Sounds like a great tale. So, will Riley appear in it? Star, perhaps? “No, not interested,” he says in emphatic voice.

“I’m happy to hand it over, and I’ve been talking to David Hayman, who’s interested in it.” What? Actors always write themselves into parts, Paul.

“This goes back to what I said before. I like acting. But I don’t need to be daein’ it.”

He smiles: “I went to London recently for a day to film one scene for a new David Ireland rom-com The Lovers. Only because I love his writing. But usually I don’t need the hassle.”

Is this why you don’t do panto? “Well, aye. It’s a long slog and you end up getting cabin fever.” He grins. “I may be too old for it.” What? You’re 53. Sir Ian McKellen does it – and he’s 30 years older. You’re hardly Methuselah, Paul.

“You know, you’re right,” he laughs, before slipping into Winston Ingram vernacular. “I’m a pure ride.”

The life of Riley has long been defined by a casual approach to the business. For example, he certainly didn’t go seeking a role in Still Game in the first place.

Riley knew Greg Hemphill from touring community theatre days, but landing the role of Winston was a stroke of luck, as if gifted by the goddess Fortuna herself. He explains: “Gavin [Mitchell, who would go on to play Boaby in the TV series] had played Winston in the original old men sketch for Pulp Video on the BBC, and then when Ford and Greg wrote the play [for the Edinburgh Festival in 1997] Gavin wasn’t available. So, I was the super-sub.”

He adds: “It was while we were travelling back and forward to Edinburgh that the boys got the green light for Chewin’ the Fat to go on the telly. And they asked me to be in that as well.”

There has to be a story involving community theatre? “Lots,” he grins. “For example, Greg and me, just out of drama school, agreed to do a profit-share tour of the Highlands. It was a really bad idea. One night, our wages were only a fiver a head and then the company manager announced that we owed the company four quid for expenses, so we were left with a pound. A f****** pound.

“I remember Greg saying, ‘What are you gonna dae with it fella?’ And I grinned and put it in the puggy.” He performs sad face. “And you know, I never even got a hold.”

And what of the Still Game stage show? There has to be a tale in that? “Oh, aye. After Edinburgh, we took the show to Canada.

That’s when those two workers [not the actual word used in describing Kiernan and Hemphill] told me I had to bring a Hoover [an integral part of the plot], telling me it was a ‘voltage thing’.

“And being a clown I accepted this, took the Hoover out of my cupboard and there it was, on the carousel with the duffle bags and cases, carried all the way to Toronto.”

The original Still Game theatre play was more than 25 years ago.
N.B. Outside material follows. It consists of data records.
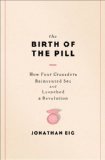 The Birth of the Pill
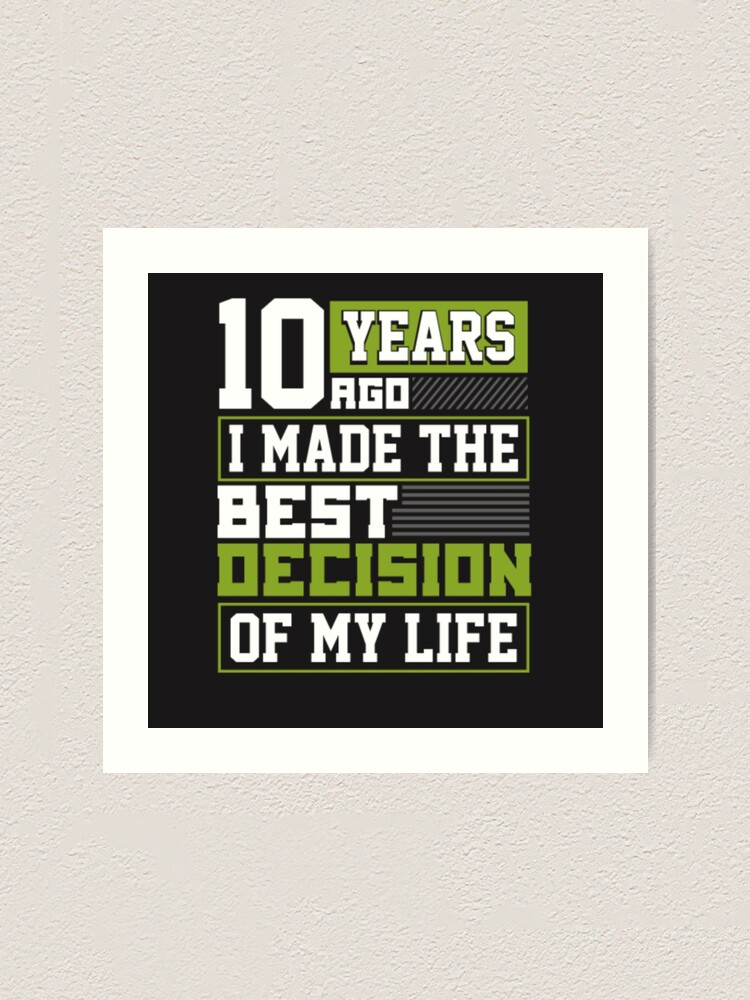 10th Anniversary Gift 10 Years Ago I Made Best Art Print By Fzvzmsl Redbubble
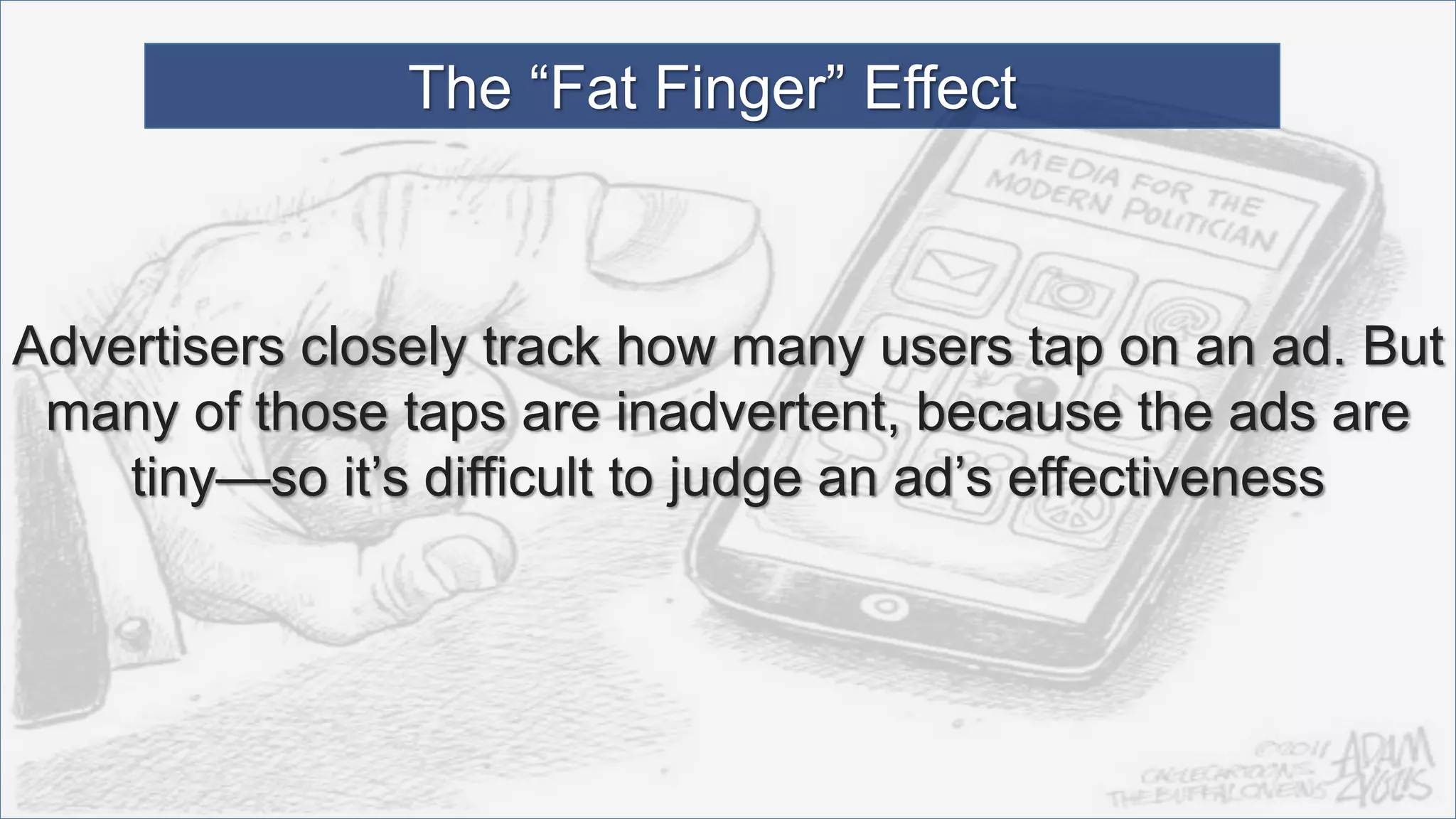 Advertisers closely track how many users tap on an ad. But
many of those taps are inadvertent, because the ads are
tiny—so it’s difficult to judge an ad’s effectiveness
The “Fat Finger” Effect
 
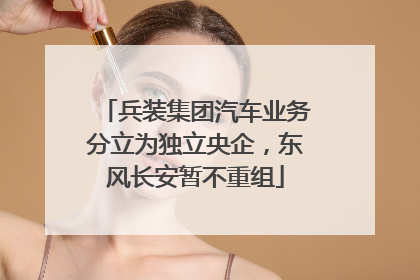 兵装集团汽车业务分立为独立央企，东风长安暂不重组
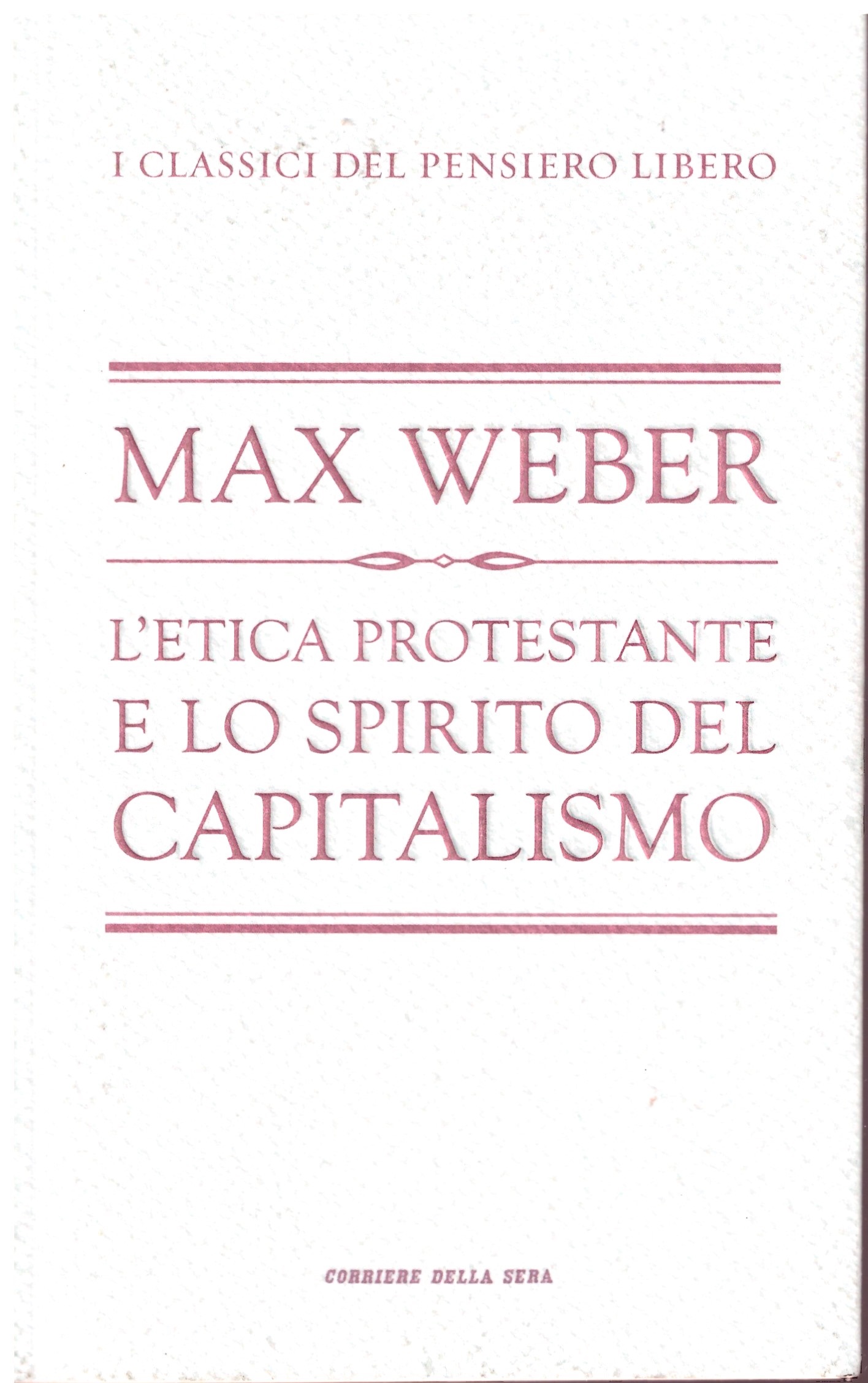L'ETICA PROTESTANTE E LO SPIRITO DEL CAPITALISMO - MAX WEBER.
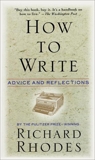 How to Write: Advice and Reflections, Rhodes, Richard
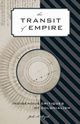 The Transit of Empire, Byrd Jodi A.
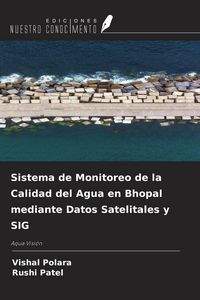 Produktbild: Sistema de Monitoreo de la Calidad del Agua en Bhopal mediante Datos Satelitales y SIG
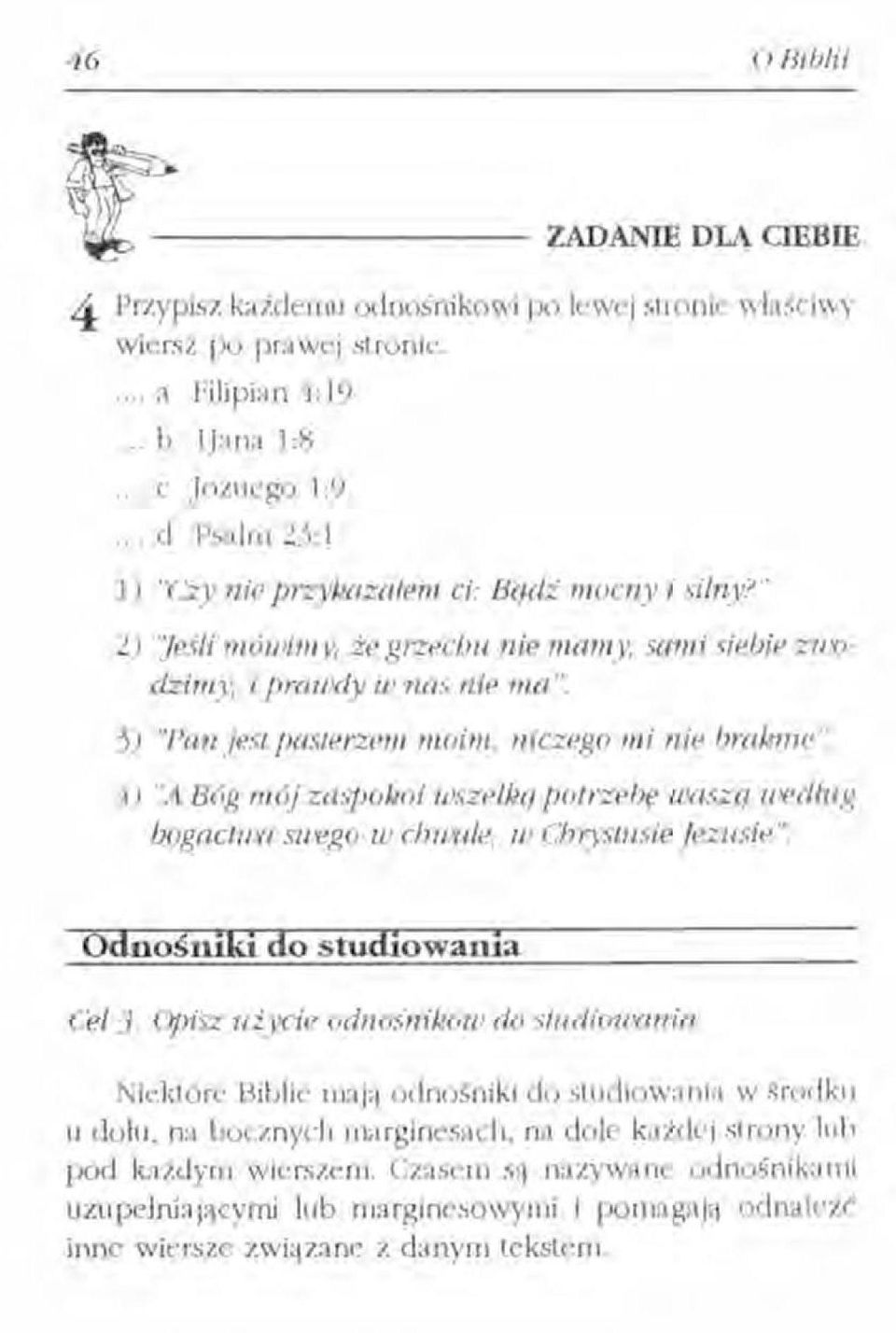 3) "Pan jest pasterzem moim, niczego mi nie braknie". 4) "A Bóg IIIÓ; zaspokoi wszelką potrzebę uiaszq wedhlg bogactwa sirego w dnoale. 1/1 Chrystusie Jezusie ". Odnośliiki do studiowania Cel].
Could he ever have imagined the longevity?

“I don’t wander the earth thinking that way,” he says with a shrug. “The only feeling I had about it was that the public wanted it, and that’s why it ran.”

What of his other venture, a children’s book? “Yes, The Marmalade Man.” He laughs: “That’s what lockdown does to you, you go aff your heid and you come up with a story of a man made entirely of marmalade who has a [flatulent] dog, Dweezil, whose wind transports them around the world. And there are lots of Beatles references, clues to the journey, along the way.”

He adds: “I’ve focus-grouped it to people who have nurseries and they feel it works so I’ll be offering it up to publishers soon.”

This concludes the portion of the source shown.